Publications by Year: 2021


Doron M, Mozannar H, Sontag D, Caicedo JC. Machine Teaching with Generative Models for Human Learning. In: The International Conference on Machine Learning. 2021.

Experimental scientists face an increasingly difficult challenge: while technological advances allow for the collection of larger and higher quality datasets, computational methods to better understand and make new discoveries in the data lag behind. Existing explainable AI and interpretability methods for machine learning focus on better understanding model decisions, rather than understanding the data itself. In this work, we tackle a specific task that can aid experimental scientists in the era of big data: given a large dataset of annotated samples divided into different classes, how can we best teach human researchers what is the difference between the classes? To accomplish this, we develop a new framework combining machine teaching and generative models that generates a small set of synthetic teaching examples for each class. This set will aim to contain all the information necessary to distinguish between the classes. To validate our framework, we perform a human study in which human subjects learn how to classify various datasets using a small teaching set generated by our framework as well as several subset selection algorithms.
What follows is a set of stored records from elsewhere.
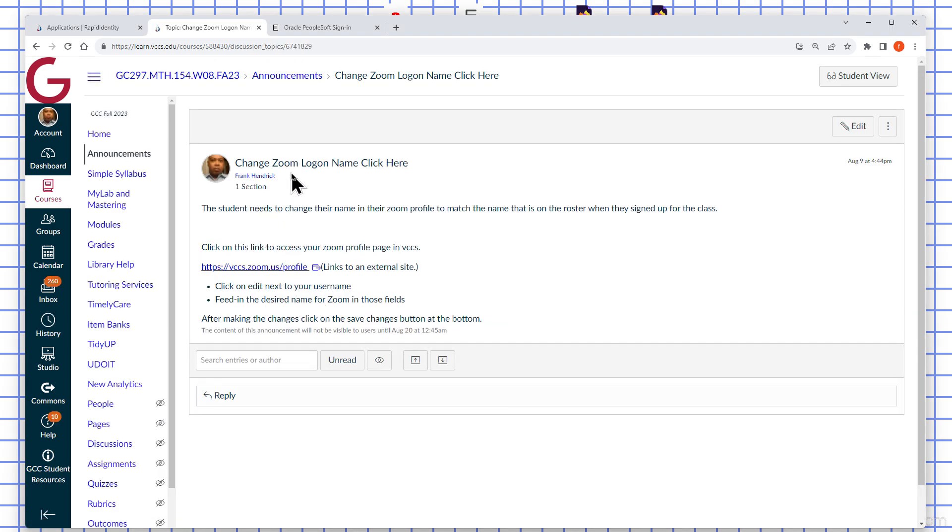And then this particular announcement here - you can actually change your Zoom login name.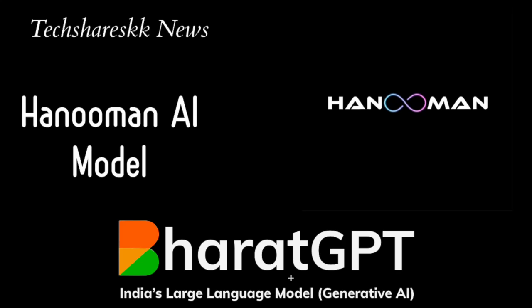Hi guys, this is Saikumar Korthiwada. In this video I want to explain a new AI model which is created and invented by India, and that is Hanuman AI model. There are two AI models: Bharat GPT and Hanuman AI model.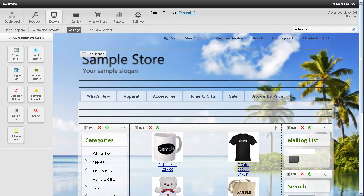Hi, this is Kevin with iHost Networks and in this video I'll be going over the edit page section in your store.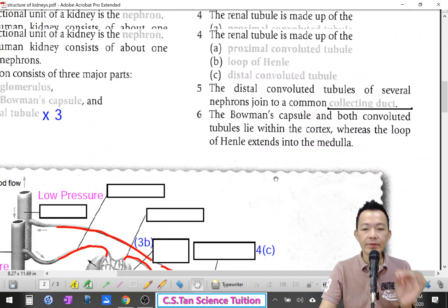Now beside the renal tubule system — one, two, three — I add in the blood vessels. The red color here represents the blood vessels.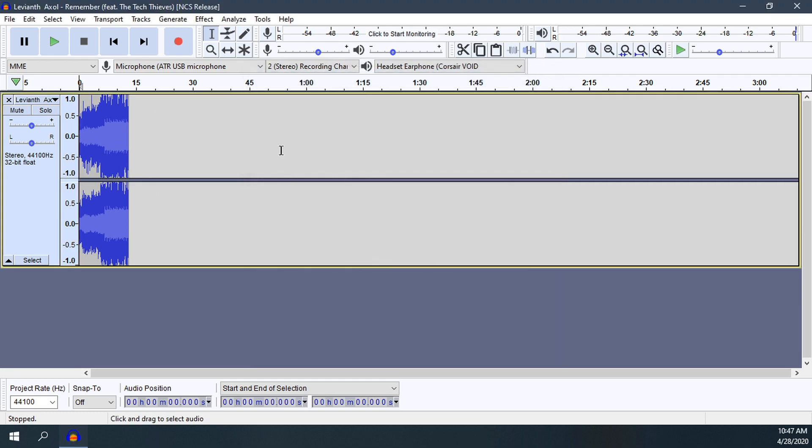And there we have it. That's how you clip and edit a song within Audacity using the cut tool.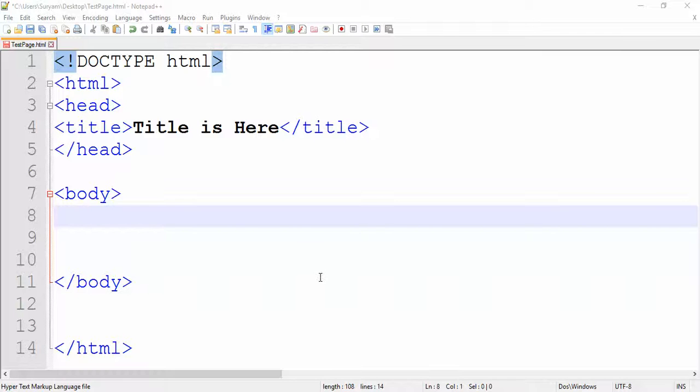Hello guys, this is my HTML tutorial. In this video we will talk about the break tag and horizontal line tag.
We show that while generated samples succeed in teaching humans better than chance, subset selection methods (such as k-centers or forgettable events) succeed better in this task, suggesting that real samples might be better suited than realistic generative samples. We suggest several ideas for improving human teaching using machine learning.

Caicedo J, Moshkov N, Becker T, Yang K, Horvath P, Dančik V, Wagner BK, Clemons P, Singh S, Carpenter AE. Predicting compound activity from phenotypic profiles and chemical structures. bioRxiv. 2021.

Recent advances in deep learning enable using chemical structures and phenotypic profiles to accurately predict assay results for compounds virtually, reducing the time and cost of screens in the drug-discovery process. We evaluate the relative strength of three high-throughput data sources—chemical structures, images (Cell Painting), and gene-expression profiles (L1000)—to predict compound activity using a sparse historical collection of 16,186 compounds tested in 314 assays for a total of 679,819 readouts. All three data modalities can predict compound activity with high accuracy in 7-8% of assays tested; replacing million-compound physical screens with computationally prioritized smaller screens throughout the pharmaceutical industry could yield major savings. Furthermore, the three profiling modalities are complementary, and in combination they can predict 18% of assays with high accuracy, and up to 59% if lower accuracy is acceptable for some screening projects. Our study shows that, for many assays, predicting compound activity from phenotypic profiles and chemical structures could accelerate the early stages of the drug-discovery process.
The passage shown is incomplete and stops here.